*Source records*
● ● ● ● ●

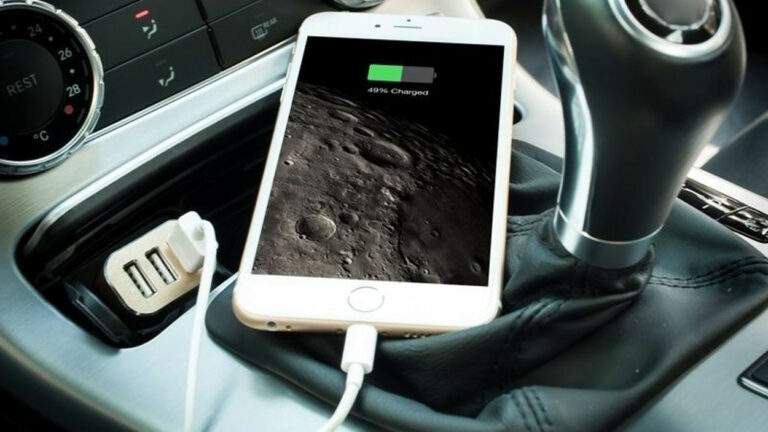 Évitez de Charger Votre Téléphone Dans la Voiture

● ● ● ● ●

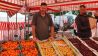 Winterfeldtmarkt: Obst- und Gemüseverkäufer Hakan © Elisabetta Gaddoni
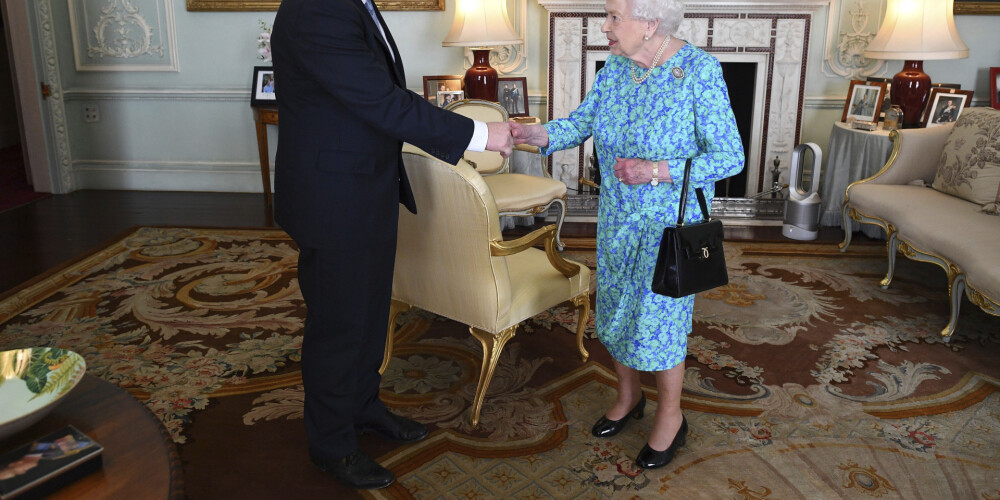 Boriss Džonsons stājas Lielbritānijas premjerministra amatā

● ● ● ● ●

*Aim of the exercise*
Of the lines above, quote exactly those from the one with "Winterfeldtmarkt: Obst- und" through the one with "Boriss Džonsons stājas", ends included; pictures stay out.

*Solution*
 Winterfeldtmarkt: Obst- und Gemüseverkäufer Hakan © Elisabetta Gaddoni
 Boriss Džonsons stājas Lielbritānijas premjerministra amatā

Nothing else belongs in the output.